INFORMATION SHOWN START

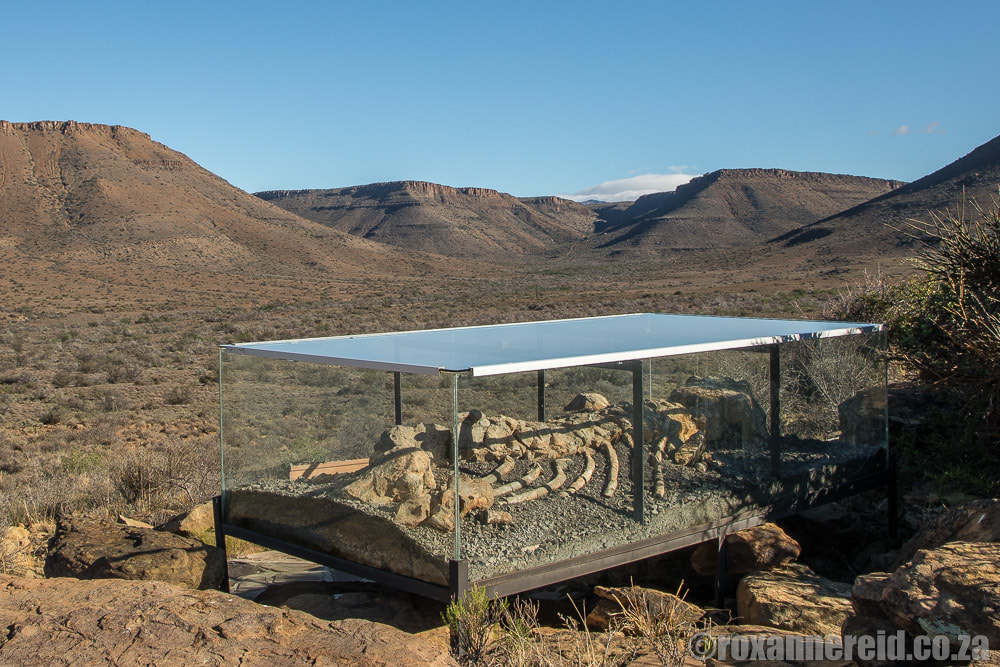 Fossil Trail, Karoo National Park, South Africa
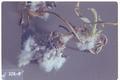 Eriosoma lanigerum (Woolly apple aphid)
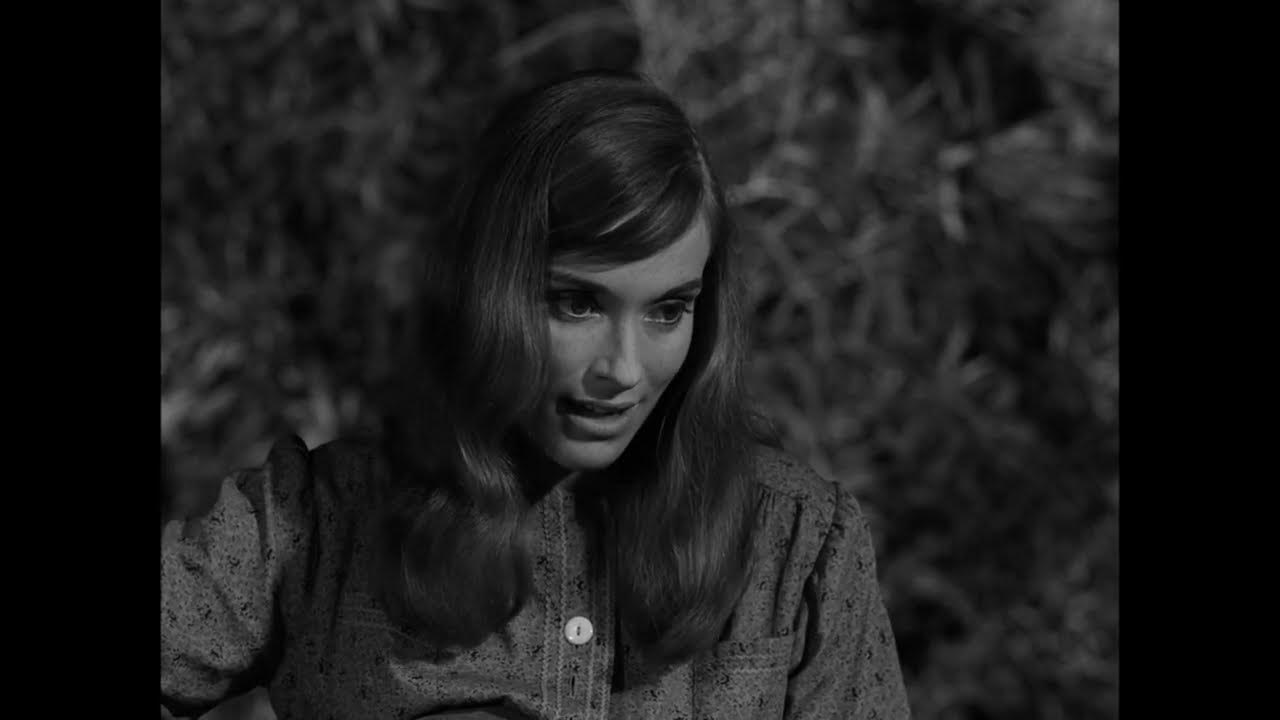 come-wander-with-me-the-twilight-zone-come-wander-with-me-5x34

INFORMATION SHOWN END

**AIM OF THE EXERCISE**.
Produce an exact copy of each line of data, skipping embedded images.

**TASK OUTPUT**.
 Fossil Trail, Karoo National Park, South Africa
 Eriosoma lanigerum (Woolly apple aphid)
 come-wander-with-me-the-twilight-zone-come-wander-with-me-5x34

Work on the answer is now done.